When our garden was in full bloom we whipped through jars and jars of Granny Ida’s relish and, being the sharing type, began giving them away to grateful friends who kept asking to pay. Cue our lightbulb moment.
Together we’ve resurrected master recipes passed down from Granny Ida and set to work turning Women’s Work into a successful, purposeful, business.
In Women We Invest
For each of us at Women’s Work there is a greater purpose behind the relish we prepare and the recipes we follow. It’s a practice of preservation for the stories and skills we want protected. It’s also an investment in the future we want for women, one of empowerment, fairness and recognised value.
For Kristina it’s sharing the recipes that belong to a long family history of women’s work and allowing others to taste the creations that have been perfected over generations. It’s giving a future to these recipes so that they may exist not only as nostalgic relics, but as powerful reminders that women’s work is always worth the money that is paid for it.
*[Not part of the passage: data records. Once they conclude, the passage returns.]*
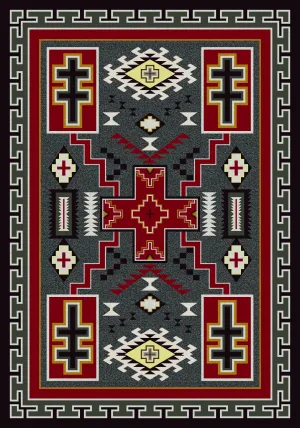 "Double Cross Gray" Southwestern Area Rugs - Choose from 6 Sizes!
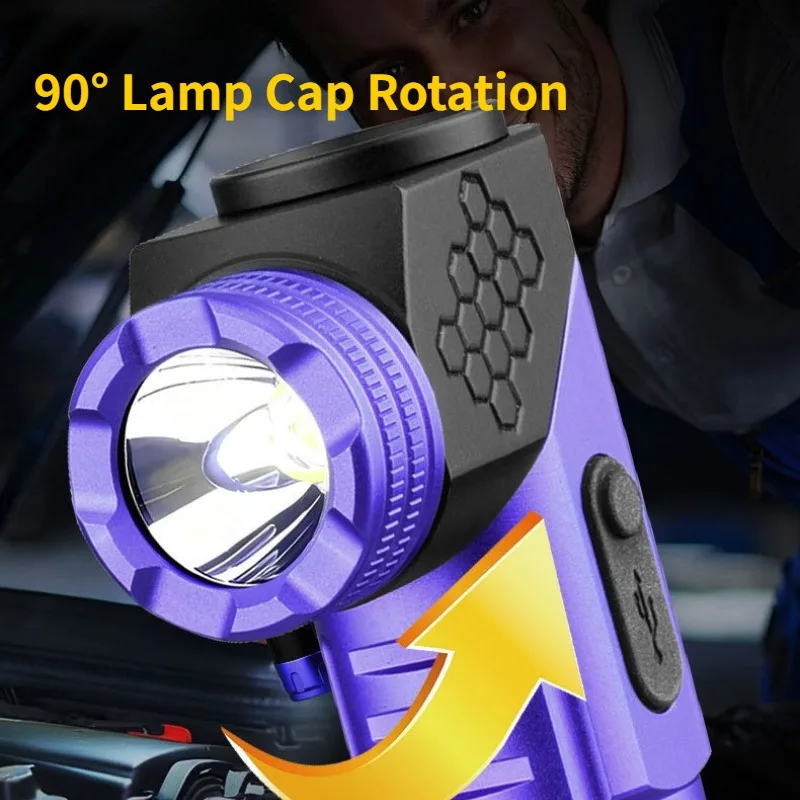 Strong Light LED Flashlight L-angle Work Light USB Rechargeable Dual-Source Light with Magnetic Tail for Outdoor Emergency Use
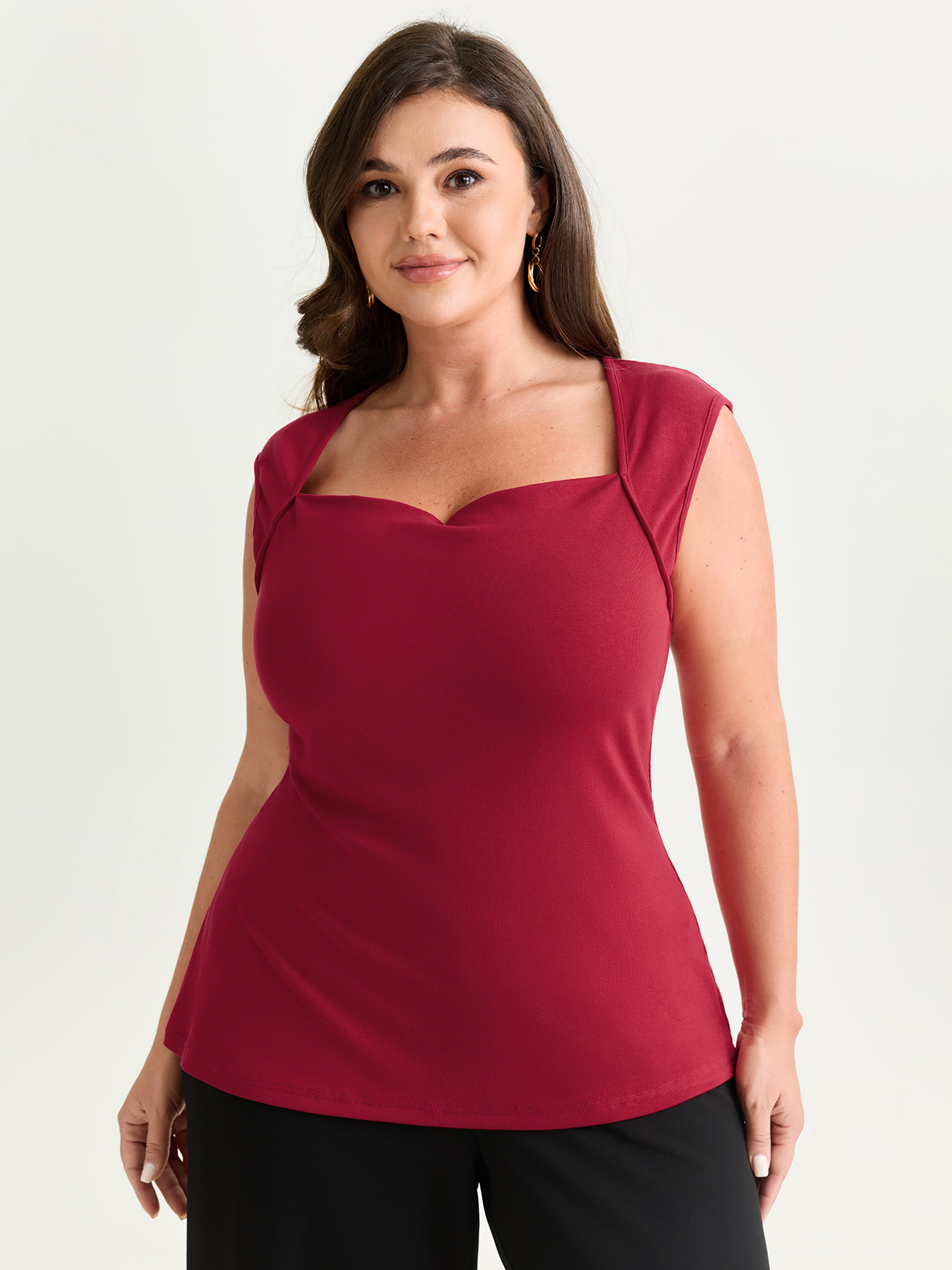 BloomChic Plus Size Ribbed Cowl Neckline Plain Tank Top - Women's Ditsy Floral Square Neck Comfort Waist Fit Sleeveless Boho Tank Tops Camis 14/M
For Madeleine it’s creating a platform and opportunity for open, honest and brave conversations around women’s work. It’s bringing recognition to the patriarchal structures that have traditionally singled out ‘women’s work’ as necessary chores, not value added commodities. It’s giving time to reflection and inspiring change through attitudes and action.
For Ian it’s paying homage to his grandmother who stepped in through two wars and the Great Depression to financially support the family after his grandfather was seriously injured in an industrial accident. At 90, Ian’s mother still knits for others never asking a cent for payment. In recognising the value women bring to the table we can begin to not only rightly compensate, but also protect the stories and skills of traditional women’s work.
Through Women’s Work we share with you the stories and artistry of traditional women’s work. We also invite your participation as we champion an empowered, modern future for all women’s work.